Histoires de ma vie (1) : George Sand

George Sand en 1830
  

Histoires de ma vie de George Sand (1804-1876) publié en 1855 est un travail d’écriture qui  a duré sept ans de 1847 à 1854. C’est un ouvrage qui présente, dans la version qui est la mienne, 1205 pages. C’est pourquoi je n’attendrai pas la fin pour en parler mais, de temps en temps, je noterai des passages qui m’intéressent.

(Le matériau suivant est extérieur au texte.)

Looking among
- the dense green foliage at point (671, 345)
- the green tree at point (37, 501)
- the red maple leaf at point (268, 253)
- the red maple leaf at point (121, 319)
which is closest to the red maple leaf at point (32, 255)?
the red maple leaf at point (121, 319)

Taille : quatre pieds dix pouces =  1m 47 cm


Et d’abord pourquoi écrire sa biographie ?  

 

Aurore et son demi-frère Hyppolite

C’est la question que se pose George Sand qui sait très bien ce qu’elle ne veut pas faire. Elle  prend, en effet, le contrepied des Confessions de Jean-Jacques Rousseau qui s’accuse de fautes vraies ou fausses pour mieux se disculper des travers que lui reprochent ses contemporains. George Sand pense que c’est s’abaisser que d’écrire pour se justifier. Cela n’apporte rien de positif au lecteur. Et même si elle admire Jean-Jacques Rousseau, c’est écrire pour de mauvaises raisons. 

« Qu’on soit pur ou impur, petit ou grand, il y a toujours vanité, vanité puérile et malheureuse, à entreprendre sa propre justification. »

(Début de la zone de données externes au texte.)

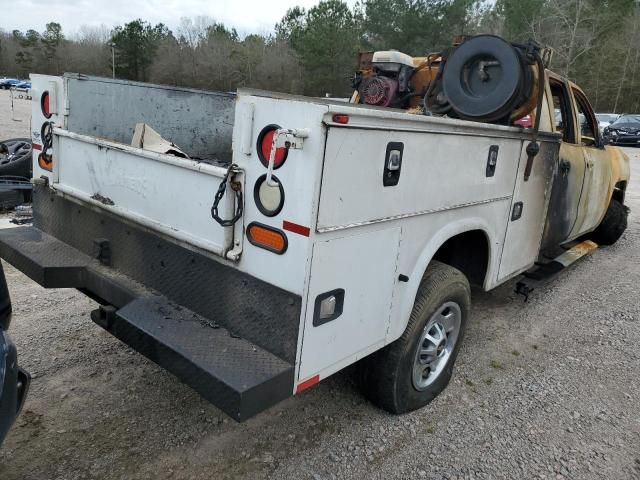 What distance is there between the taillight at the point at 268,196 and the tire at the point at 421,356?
1.10 m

Ecoutez : ma vie, c’est la vôtre


Alors pourquoi écrit-elle ? « Mon histoire par elle-même est fort peu intéressante. Les faits y jouent le moindre rôle, et les réflexions la remplissent. Personne n’a plus rêvé et moins agi que moi dans sa vie ; vous attendiez-vous à autre chose de la part d’un romancier ?

Ecoutez : ma vie, c’est la vôtre ; car, vous qui me lisez, vous n’êtes point lancés dans le fracas des intérêts de ce monde, autrement vous me repousseriez avec ennui. Vous êtes des rêveurs comme moi. » 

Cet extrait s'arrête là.